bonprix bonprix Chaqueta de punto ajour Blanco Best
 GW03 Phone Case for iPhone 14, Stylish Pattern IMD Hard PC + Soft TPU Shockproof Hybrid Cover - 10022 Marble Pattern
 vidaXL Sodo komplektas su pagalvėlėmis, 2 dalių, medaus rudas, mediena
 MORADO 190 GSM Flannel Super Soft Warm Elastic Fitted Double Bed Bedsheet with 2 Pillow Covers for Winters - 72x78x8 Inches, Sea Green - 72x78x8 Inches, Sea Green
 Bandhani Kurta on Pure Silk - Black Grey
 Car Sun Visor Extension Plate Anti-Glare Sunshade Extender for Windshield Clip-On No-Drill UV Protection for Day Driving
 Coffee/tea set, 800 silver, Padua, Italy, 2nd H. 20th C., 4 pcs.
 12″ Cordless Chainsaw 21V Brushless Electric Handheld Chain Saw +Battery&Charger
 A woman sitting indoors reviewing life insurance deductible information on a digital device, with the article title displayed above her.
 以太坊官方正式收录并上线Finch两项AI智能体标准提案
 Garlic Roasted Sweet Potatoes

----------

[THE TASK] Repeat exactly the lines from the first line of the records above through the line containing "MORADO 190 GSM", both included, and nothing else.

[REPLY]
bonprix bonprix Chaqueta de punto ajour Blanco Best
 GW03 Phone Case for iPhone 14, Stylish Pattern IMD Hard PC + Soft TPU Shockproof Hybrid Cover - 10022 Marble Pattern
 vidaXL Sodo komplektas su pagalvėlėmis, 2 dalių, medaus rudas, mediena
 MORADO 190 GSM Flannel Super Soft Warm Elastic Fitted Double Bed Bedsheet with 2 Pillow Covers for Winters - 72x78x8 Inches, Sea Green - 72x78x8 Inches, Sea Green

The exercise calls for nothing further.